Razor: Ain’t nobody would. I know a white boy STABBED his teacher, he ain’t in here. (beat) A’ight. You best know what you do once them doors open. Don’t do nothin’ stupid. Dat’s the first thing. Them guards have rifles in case things be poppin’ off in the cafeteria.

Puppet: Damn. I jus be wantin’ my Coco Puffs.

Razor: Dere ain’t no Puffs up in this bitch. Get that outta your head right now. The state be spendin’ less than two twenty-five on your food A DAY. You best learn quick to stop tastin’ the shit. Now those guards be mad tight. Don’t look at them. Don’t do nothin’ to start nothin’

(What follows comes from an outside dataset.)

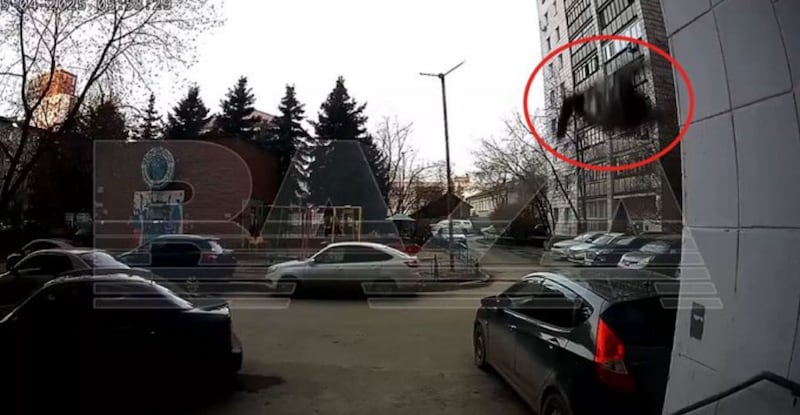 Abuela de 80 años sobrevive tras caer de un sexto piso en Rusia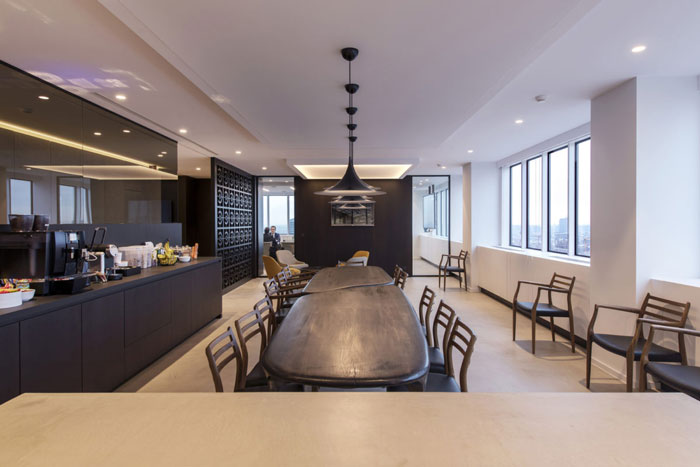 P2P金融公司辦公室茶水間裝修設(shè)計效果圖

Puppet: Wasn’t plannin’ on it.

Razor: But you don’t know what you startin’ if you don’t know how it be. Period. Roll that sleeve up. Dat means you down and don’t wanna be no bitch for no one. Roll the other one and it means the opposite. But you in the House of Rapes now so it’s only a matter of time.

Puppet: Shit.

Razor: They give you those plastic forks here that you use like a spoon too. You don’t get no knives. This one dumb sonofabitch startin’ usin’ his mouth too much so he got stabbed by a sharpened toothbrush. That shit was murderous. (beat) So don’t break your fork. Most of the meat ain’t tough ‘cuz it comes from the mystery animal. You don’t know what it is. They throw that shit out to the stray cats out back and they won’t touch it. So get you some extra rice or potatoes if they got it. But don’t get too much or you be gettin’ your jaw jacked for bein’ greedy. You break your fork and guards be lookin’ at you, thinkin’ it’s about to fly off.

Puppet: 900 days of this.

Razor: Don’t be countin’ no days, son. You be everybody’s bitch with that shit.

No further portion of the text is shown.